Top of THE INPUT

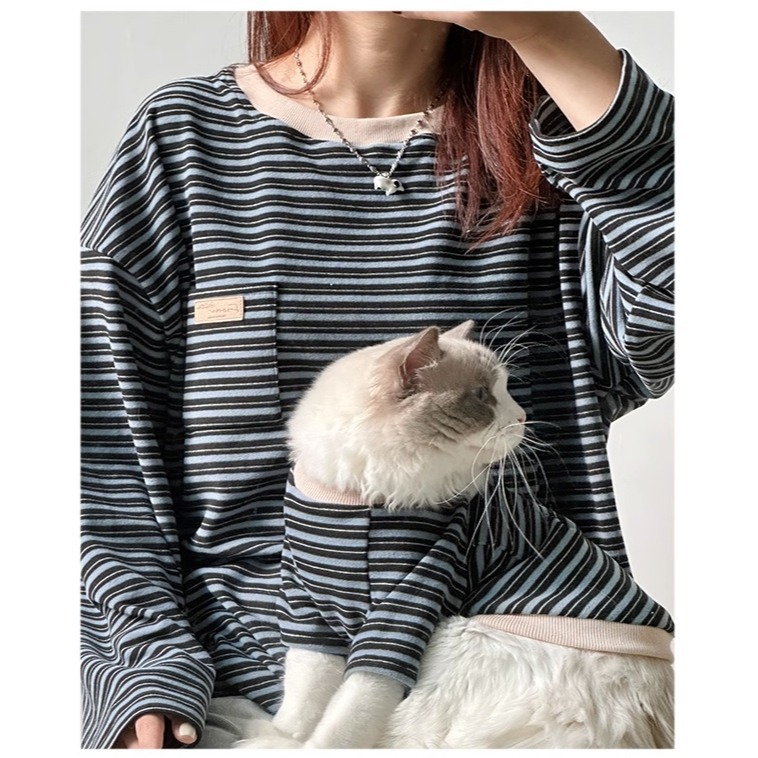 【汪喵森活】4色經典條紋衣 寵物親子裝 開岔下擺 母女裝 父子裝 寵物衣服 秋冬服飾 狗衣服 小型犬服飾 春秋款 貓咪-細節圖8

Bottom of THE INPUT
Top of THE INPUT

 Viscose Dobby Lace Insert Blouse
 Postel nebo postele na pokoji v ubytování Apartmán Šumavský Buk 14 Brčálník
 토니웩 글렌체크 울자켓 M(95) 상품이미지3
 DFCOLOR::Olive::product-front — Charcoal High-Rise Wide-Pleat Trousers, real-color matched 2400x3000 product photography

Bottom of THE INPUT

▶ _WORK INSTRUCTION_
When you reach the line in the material above that holds "Viscose Dobby Lace Insert Blouse", begin reproducing lines exactly, and stop after the line that holds "DFCOLOR::Olive::product-front — Charcoal".

▶ _RESPONSE BELOW_
 Viscose Dobby Lace Insert Blouse
 Postel nebo postele na pokoji v ubytování Apartmán Šumavský Buk 14 Brčálník
 토니웩 글렌체크 울자켓 M(95) 상품이미지3
 DFCOLOR::Olive::product-front — Charcoal High-Rise Wide-Pleat Trousers, real-color matched 2400x3000 product photography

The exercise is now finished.